The 1120 has a new fork, the 1120 Adventure HCM Carbon.
Unlike the 2016 Trek Stache 5 that came with a rigid carbon Bontrager Bowie fork in the standard 100mm width, this new fork uses the BOOST 110mm spacing. All of the 2017 Trek Stache models came with suspension forks using the BOOST 110mm, no rigid forks were offered on any of their plus bikes.
The 1120 Adventure HCM Carbon fork allows for mounting of the proprietary front rack as well as accessory mounts that allow for bikepacking accessories such as the Widefoot Designs Liter Cage, Salsa Anything Cage, or Blackburn Outpost Cargo Cage.
I have been running the carbon Bontrager Bowie fork from a 2016 Trek Stache 5 on my Salsa El Mariachi for a year now and love it, but wish that it had the triple bolt accessory mount that this new 1120 Adventure HCM fork.
The rear wheel also incorporates BOOST spacing, just like the Stache frames. In fact, it appears that most other specifications are largely the same as the non-carbon framed Stache models. The Sun Duroc SL wheels, Chupacabra 29×3 tires, and SRAM Level T hydraulic brakes appear to be the same as the Trek Stache 7 for instance.
Trek plans to spec their single 1120 model with a 1×11 wide range SLX drivetrain, driven by a 30 tooth narrow-wide chain ring up front on a Race Face Aeffect crankset. Very similar to the Trek Stache 5 & 7. The wing shaped Bontrager Crivitz bar is obviously different, but makes sense for riders looking to have a more neutral hand position for long days in the saddle.
Where the 1120 frame differs from the other Stache models is obvious in one area however.
The rear rack mounts.
These mounts allow for the bright orange, proprietary racks that, at least so far, appear to be unnamed and exclusive to the 1120.
These racks look pretty different than most rear racks on the market as they are not designed for rear panniers, but soft backs that you can strap to the top and sides instead of your saddle and seatpost. Why? In order to utilize the dropper post that comes as standard equipment and has the routing internal, inside the frame. A very nice touch that should make the bike more trail worthy when steeper descents are up ahead. Not only that, but as any veteran bikepacker can tell you, swinging a leg over a oversized seatbag at full saddle height to get off the bike when exhausted at the end of a long day can seem nearly impossible at times, resulting in falling over with a heavy bike on top of you. A very helpful addition for aiding tired riders off their rigs.
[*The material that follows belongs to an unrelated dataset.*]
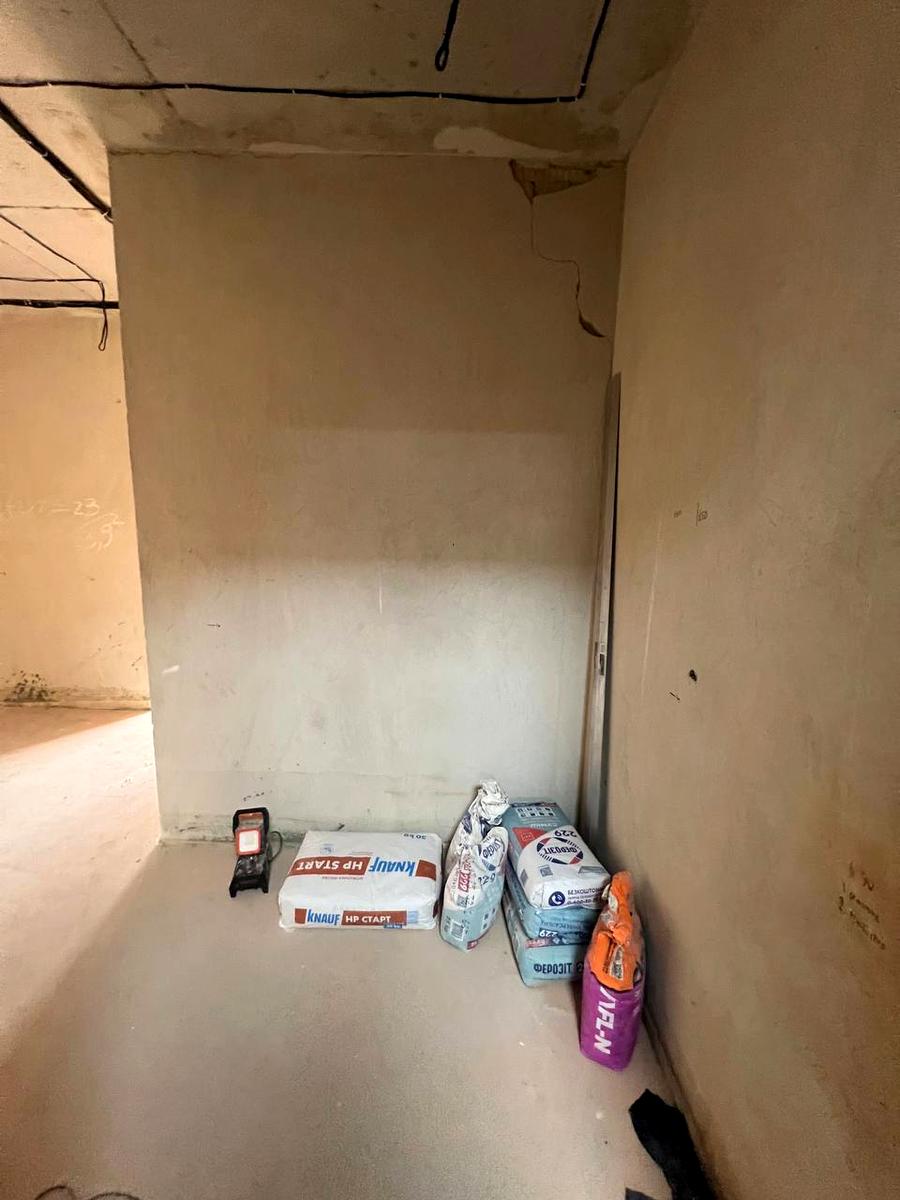 3-комнатная квартира по адресу (площадь 65 м²) - Atlanta.ua - фото 6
Looking closer at the geometry, the 1120 is definitely not a Stache in different clothes. This is a different bike altogether. It is built on the Stache platform for sure, but after utilizing design elements from the Stache, such as the elevated chainstay, Stranglehold dropouts, and internal cable routing, Trek went outside the mold.
Trek is offering the 1120 in all of the same frame sizes as the Staches, 15.5, 17.5, 19.5, and 21.5.
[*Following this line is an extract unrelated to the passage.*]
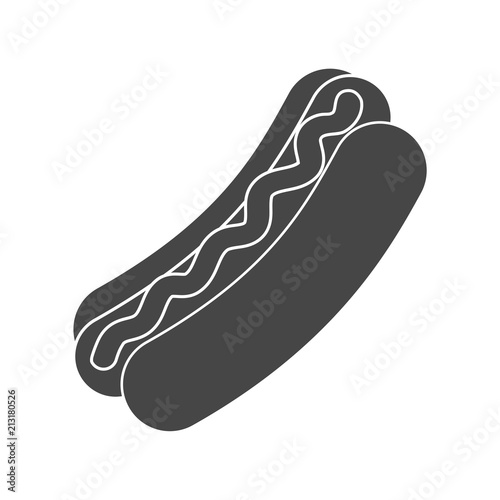 Hot Dog icon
The chainstays and effective top tubes are 2mm longer than the Stache.
The head tube angle is 2 degrees steeper, while the seat tube angle remains the same as the Stache lineup.
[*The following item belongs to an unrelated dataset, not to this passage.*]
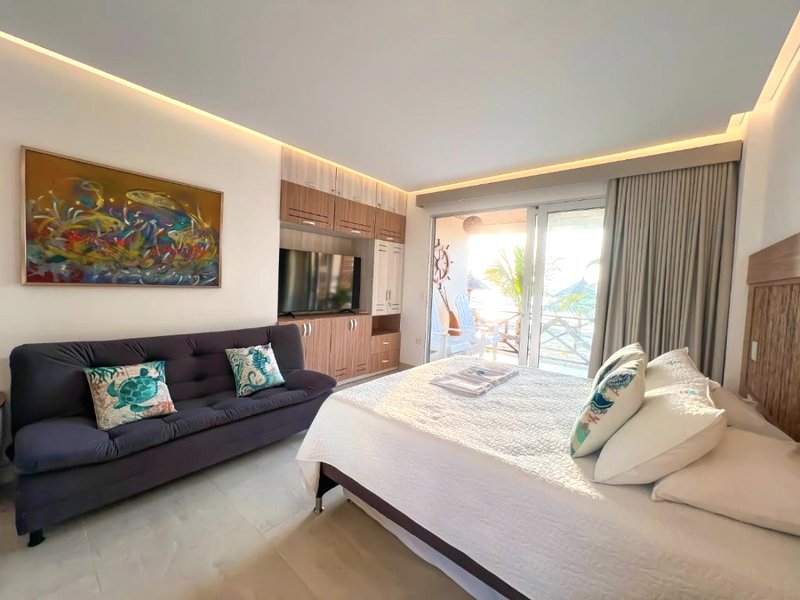 Ecohotel Laguna Beachの写真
The bottom bracket is a little over 1mm lower on the 1120 for slightly more stability, while reach, stack, standover, and wheelbase all remain the same between the Stache and 1120.
What does the change in these numbers mean for how the 1120 will ride compared to the Stache? I don’t know for sure since I haven’t ridden one yet(my contact at Trek is already working on getting me one to test), but my assumption is that it will climb better, be a little more stable, while not feeling quite as playful as the Stache.
Do I think the 1120 will live up to the hype of “touring bike with unlimited off-road capability”? No. Ultimate off-road capability to me means that you have even wider range than a maximum size of 32 tooth chainring and a 11-46 cassette can provide. Yes, I enjoy single speeding for long distances off road, but when your bike is loaded, as many touring veterans will tell you, you want a triple chain ring crankset. Well, I would be happy with the ability to run a double honestly. I rarely run more than one chain ring on my crankset as it is, but the ability to run more than one would give the 1120 a better position in the ability to claim “unlimited off-road capability”. The tires are only plus size as well. What about terrain that warrants fat bike tires? Trek makes the Farley fatbike with 27.5×4.5 inch tires. Those provide unlimited off-road capability. I would speculate that the 1120 could offer maximum efficiency for a variety of unforeseen off-road applications. That is what I would want in an adventure-oriented bike and I think the 1120 might just be the ticket.